The County SES-LT included calendar year, age, sex, race, area of residency and County SES when possible. We were not able to include other variables at the county level, such as risk factors that may affect other causes of death, e.g. smoking or obesity, or variables related to access to health care, as these data are not available for the full range of years and for all counties. Previous studies have shown that LT adjusting for higher, smoking-related background mortality, had little or modest impact on relative survival estimates for lung cancer [30, 31].
Strengths of our study include the large sample size, the population-based setting, and the fact that the LT are an extensive representation of the varying mortality patterns in the U.S. over three decades by race, ethnicity, sex, geography and county-level SES. Our study highlighted the importance of LT by geography and other factors for comparisons and calculation of relative survival among different cancer registries, due to the disparities seen in life expectancy across different subgroups in the U.S. Analyses of life expectancies from other studies provided comparable results[12, 25–26], giving validity to these LTs. The comparisons of relative and cause-specific survival showed that the County SES relative survival were closer to cause-specific survival and had a smaller gradient between low versus high SES areas, reducing differences in relative survival. This substantiated the fact that relative survival using a national average background mortality (thus same denominator) overestimates and underestimates survival in high and low SES areas, respectively.

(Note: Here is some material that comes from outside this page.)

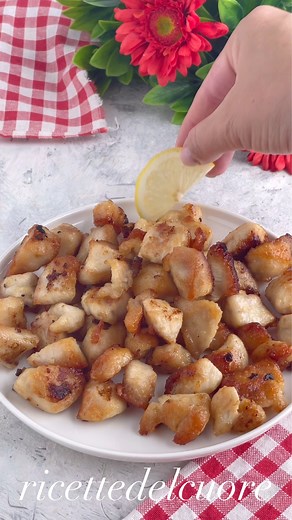 BOCCONCINI DI POLLO AL LIMONE, quella crosticina 🥹😋 https://blog.giallozafferano.it/ricettedelcuoreblog/bocconcini-pollo-al-limone/ | Ricettedelcuore di Monica Pannacci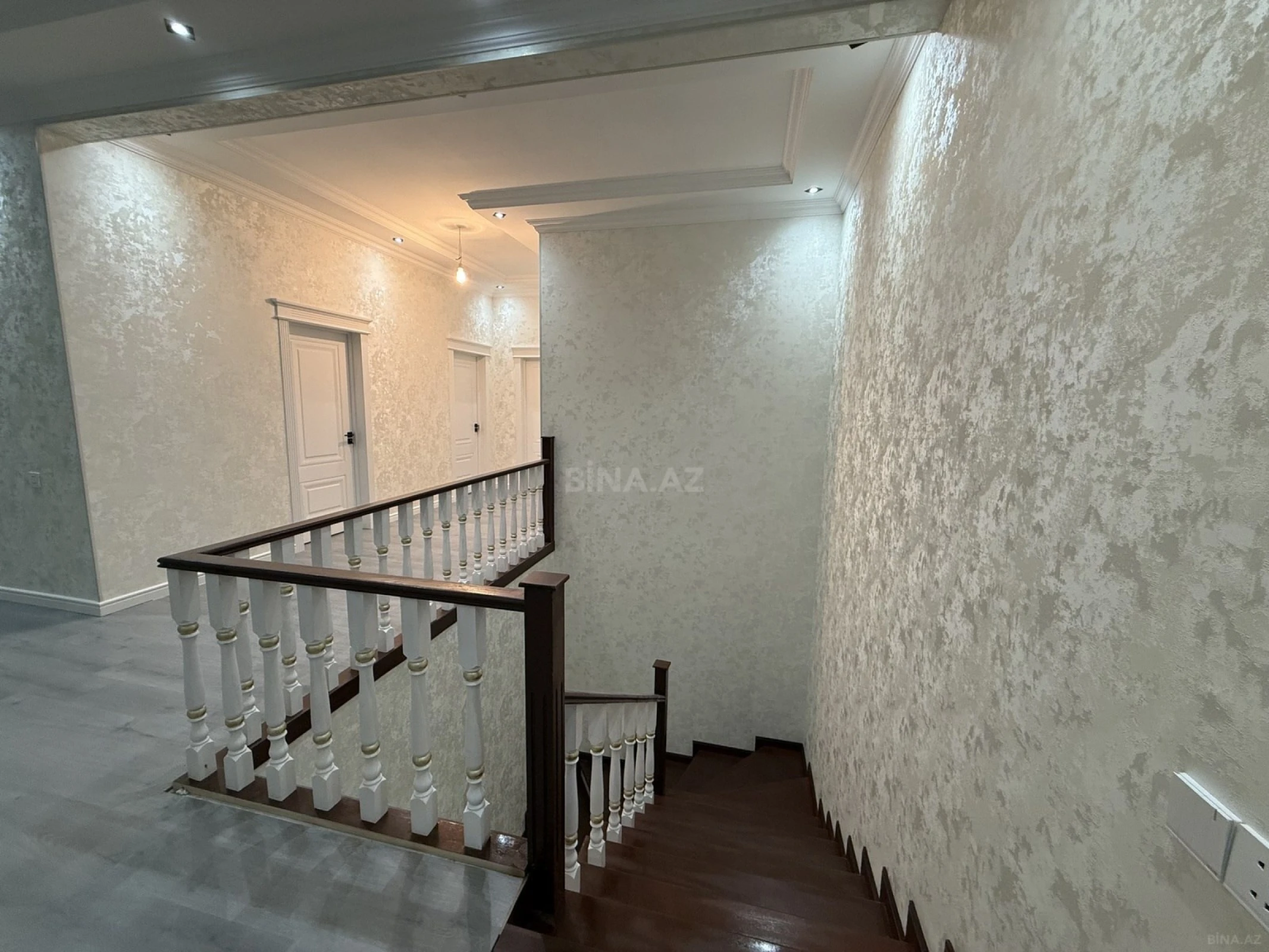 Satılır 6 otaqlı həyət evi 250 m²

In summary, we have shown that differences between relative survival using the SES and the US-LT were in general small. However, relative survival using County SES-LT were closer to cause-specific survival and improved estimates for some demographic groups, in particular Hispanics, AIAN, populations in higher or lower SES areas/states, and among older male cancer patients. Investigations using SEER data to examine time trends in cancer survival and disparities in cancer survival by race, ethnicity, and SES are common. Studies of cancer survival using life tables that do not properly account for differences in background mortality by these factors may mischaracterize trends and overstate the magnitude of disparities. Recently, the North American Association of Central Cancer Registries (NAACCR) began to publish cancer survival estimates on a larger number of U.S. state registries in the Cancer in North America annual reports . We suggest using the life tables described in this paper as default for cancer relative survival using U.S. data, including the CDC’s National Program of Cancer Registries, the SEER registries, and by researchers conducting international studies that include U.S. data .The use of these life tables will advance population-based cancer surveillance and research by contributing standardized and more accurate relative survival estimates.